▶ **What this task involves**
Gather each line of the records where "Maison" appears.

▶ **Available records**
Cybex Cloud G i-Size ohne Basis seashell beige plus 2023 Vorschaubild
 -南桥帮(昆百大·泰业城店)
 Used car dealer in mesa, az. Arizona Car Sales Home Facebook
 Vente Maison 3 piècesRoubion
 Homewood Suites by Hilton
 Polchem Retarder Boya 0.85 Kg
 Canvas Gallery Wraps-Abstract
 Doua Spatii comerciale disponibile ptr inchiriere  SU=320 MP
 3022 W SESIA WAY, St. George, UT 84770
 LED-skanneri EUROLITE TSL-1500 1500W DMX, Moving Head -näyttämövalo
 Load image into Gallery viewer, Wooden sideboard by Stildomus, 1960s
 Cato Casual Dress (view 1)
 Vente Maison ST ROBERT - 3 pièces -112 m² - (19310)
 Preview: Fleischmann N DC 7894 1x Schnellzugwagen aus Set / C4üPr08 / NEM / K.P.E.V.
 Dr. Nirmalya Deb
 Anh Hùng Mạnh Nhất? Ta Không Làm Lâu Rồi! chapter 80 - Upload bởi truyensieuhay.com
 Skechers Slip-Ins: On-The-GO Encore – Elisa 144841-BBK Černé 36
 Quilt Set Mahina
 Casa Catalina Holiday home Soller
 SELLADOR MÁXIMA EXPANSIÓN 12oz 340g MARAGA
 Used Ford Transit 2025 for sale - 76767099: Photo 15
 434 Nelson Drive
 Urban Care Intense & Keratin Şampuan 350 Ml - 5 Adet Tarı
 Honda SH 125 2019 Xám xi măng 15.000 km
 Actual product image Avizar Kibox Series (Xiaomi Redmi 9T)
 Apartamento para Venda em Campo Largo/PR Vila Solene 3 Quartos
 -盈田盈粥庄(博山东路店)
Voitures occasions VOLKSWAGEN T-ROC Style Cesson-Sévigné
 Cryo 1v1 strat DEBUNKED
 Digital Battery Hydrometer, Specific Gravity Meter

▶ **Solution below**
 Vente Maison 3 piècesRoubion
 Vente Maison ST ROBERT - 3 pièces -112 m² - (19310)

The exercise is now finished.